The Voice Literary Supplement for October was full of special treats, not the least of which was a profile of Marguerite Young, author of Miss MacIntosh, My Darling, a novel that I remembered from the seventies but had never read. D.M. Fraser, whose literary judgment I usually respected, kept a paperback copy by him for years. It was 1200 pages long, and I recall it having a lurid cover, and presumed it to be a sentimental potboiler and Fraser's possession of it, despite his protestations to the contrary, to be some kind of joke. Only now am I corrected for the arrogance of my youth, by Lisa Cohen, whose article in VLS makes me want to read Miss Maclntosh immediately. (I just stoked up the public library online catalogue to discover they don't have it!) Marguerite Young is in her mid-eighties and lives in a nursing home where she still writes poetry. Clearly I have done her (and Fraser) a disservice which needs undoing.

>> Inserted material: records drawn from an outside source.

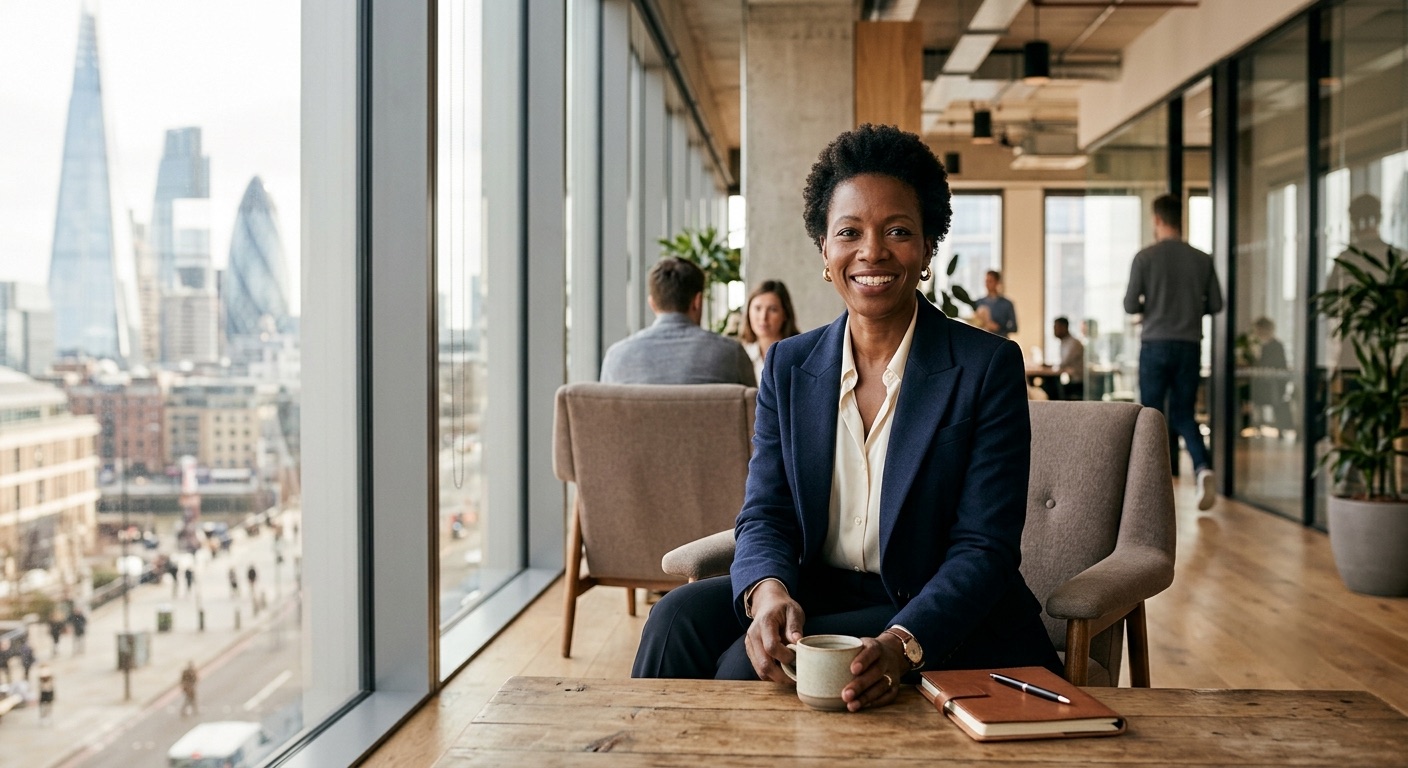 Liderança sorrindo em um escritório claro e moderno, com vista para a cidade.
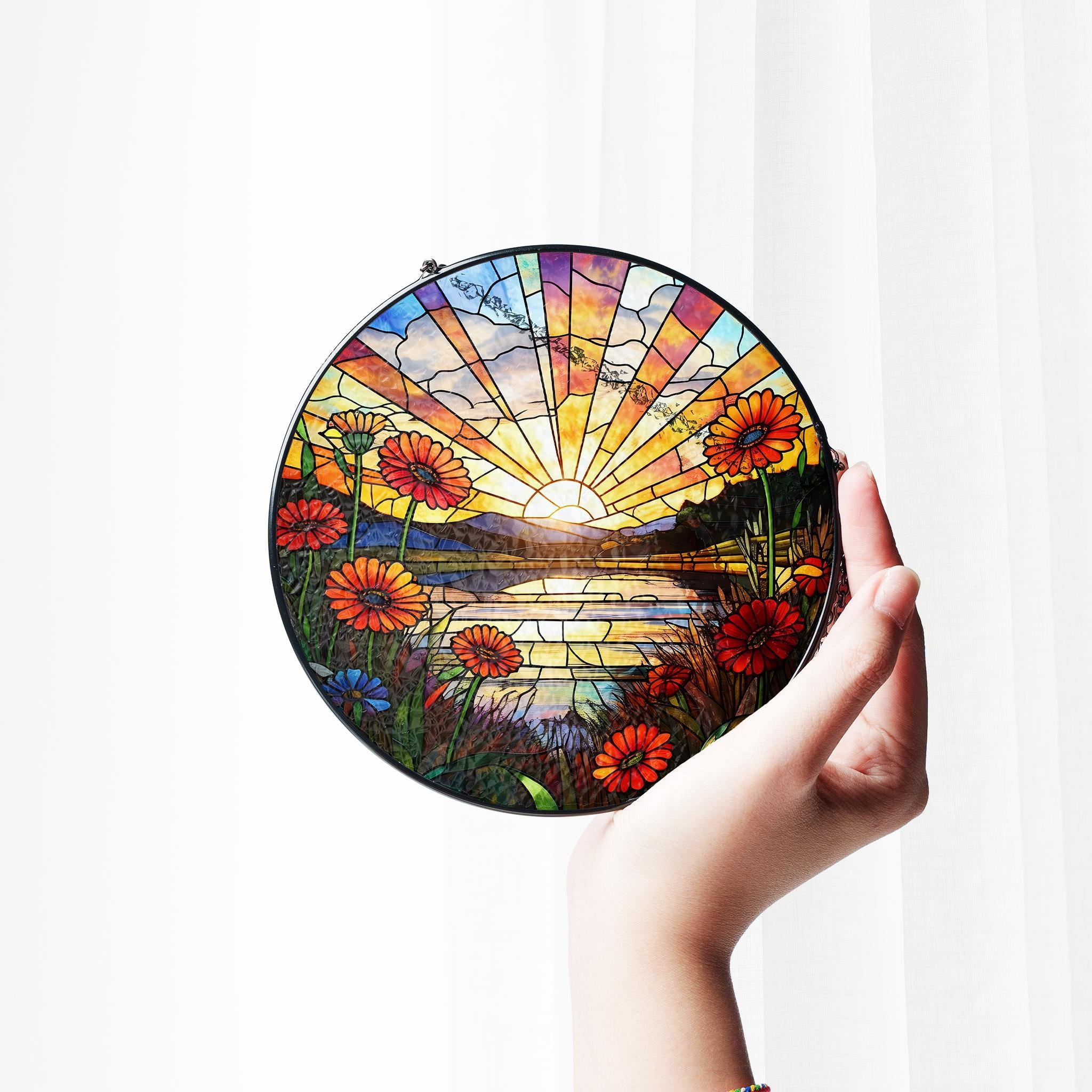 Gerbera Daisy Flowers sunset GLASS Suncatcher Hanging, Flower landscape sunset glass, Window hanging, Suncatcher ornament, Mother's day gift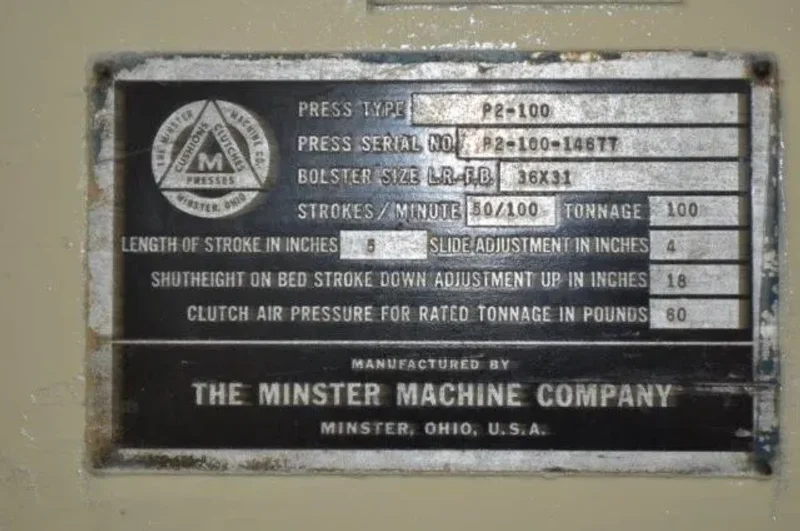 MINSTER 100 TON SSDC PRESS, STOCK# 13622J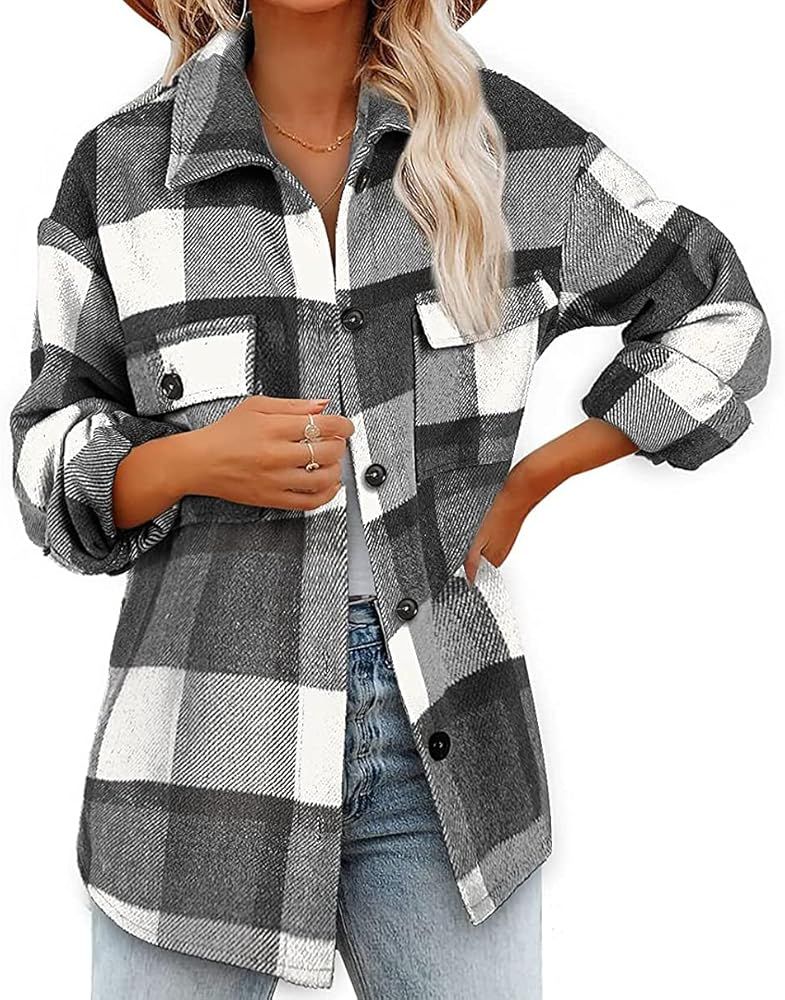 AUTIWITUA Women's Brushed Plaid Shirts Long Sleeve Casual Flannel Lapel Button Down Pocketed Shacket | Amazon (US)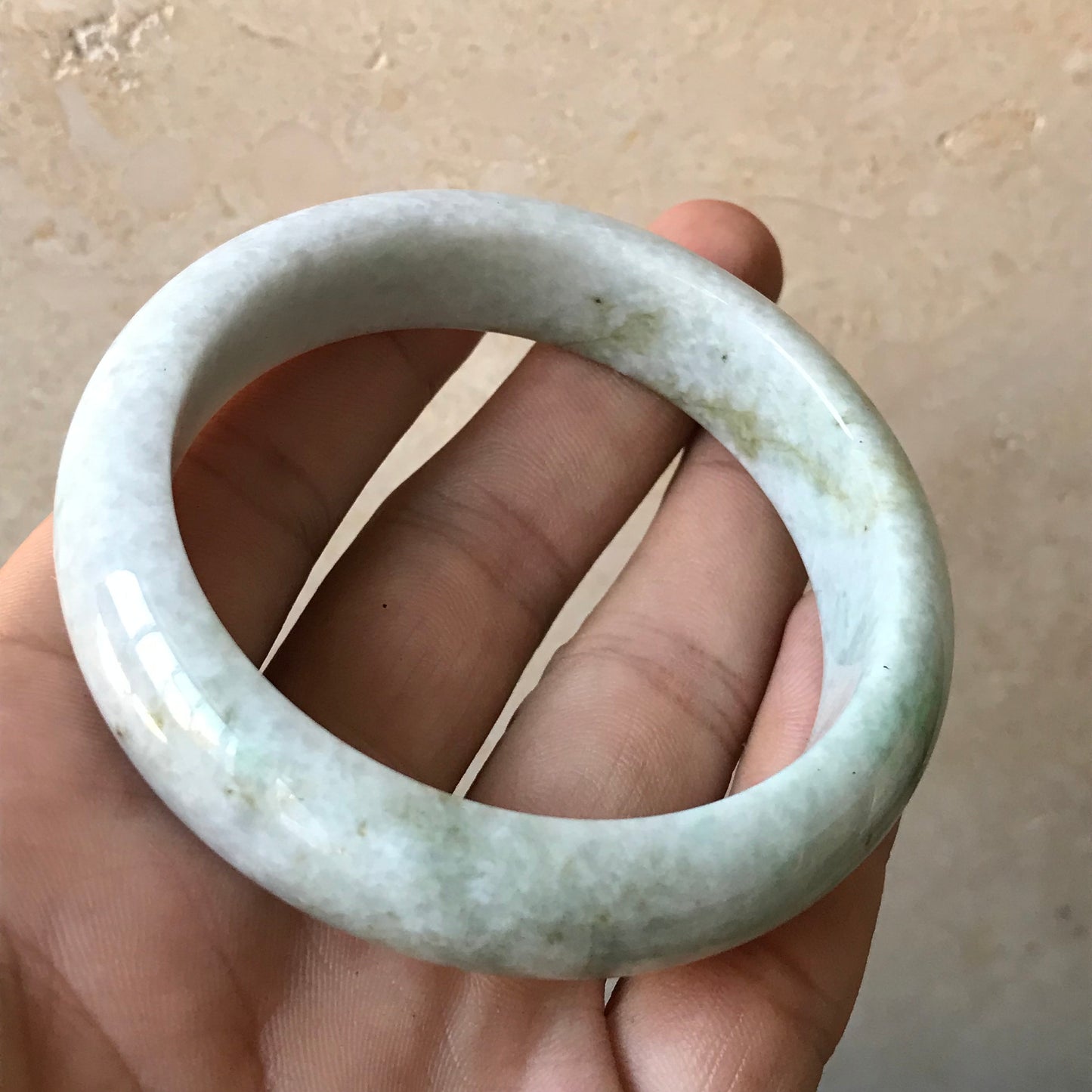57.9mm Natural green Grade A Jade Round bangle Myanmar jadeite Lady Bracelet Ice green Type A stone small hand female bangle 翡翠飘花手镯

In the same issue is a piece by William Kendrick titled "Return to Sender: The Myth of the Death of the Letter," a terrific meditation on the history of letter writing and the sentimental myths that surround this apparently private act. At one point, speaking of the much-despised form letter, he reminds us that one of history's greatest practitioners of the form letter was none other than Saint Paul, whose form letters to the Galatians et al can be readily found in the Bible. Supporting essays on the art of letter-writing and the history of the postcard make this issue of VLS a real keeper.
The November Harper's came through too, with "The Revolt of the Elites," an essay by Christopher Lasch in which he registers the crumbling of the middle class and the emergence of new elites whose allegiance to country or "people" is limited to their own supra-national, private and moneyed enclaves. This "weakening of the nation state" is accompanied by the rise of symbolic analysts, the knowledge workers who serve the new elites and further the process of fragmentation that threatens to lead us all into chaos.
In the Atlantic, Peter F. Drucker in "The Age of Social Transformation" foresees in the new "class" of knowledge workers hope for a somewhat utopian future. Thematic convergence? Something is definitely in the air.